- PROBLEM DETAILS -
Return the full listing word for word, but drop every picture from it.

- COLLECTED MATERIAL -
....
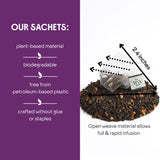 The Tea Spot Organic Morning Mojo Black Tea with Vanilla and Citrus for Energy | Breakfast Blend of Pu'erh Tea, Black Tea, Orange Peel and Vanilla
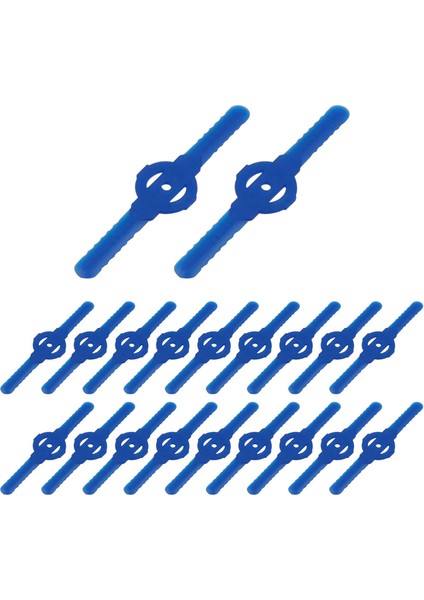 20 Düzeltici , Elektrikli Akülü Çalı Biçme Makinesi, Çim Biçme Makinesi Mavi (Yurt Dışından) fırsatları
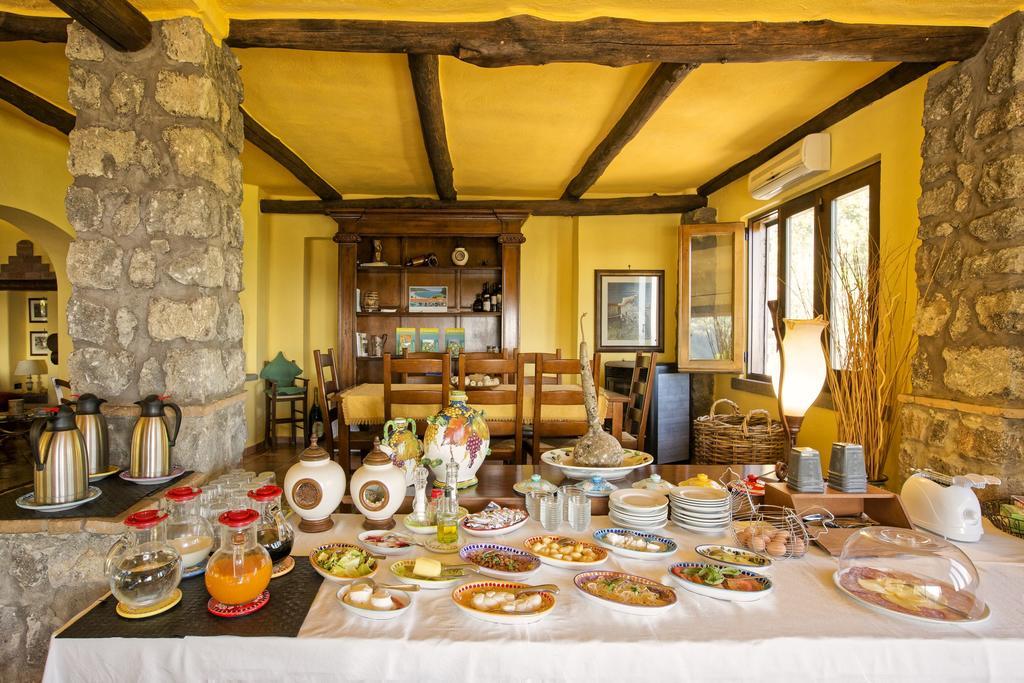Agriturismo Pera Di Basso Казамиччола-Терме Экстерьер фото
....
- EXERCISE RESULT -
 The Tea Spot Organic Morning Mojo Black Tea with Vanilla and Citrus for Energy | Breakfast Blend of Pu'erh Tea, Black Tea, Orange Peel and Vanilla
 20 Düzeltici , Elektrikli Akülü Çalı Biçme Makinesi, Çim Biçme Makinesi Mavi (Yurt Dışından) fırsatları
Agriturismo Pera Di Basso Казамиччола-Терме Экстерьер фото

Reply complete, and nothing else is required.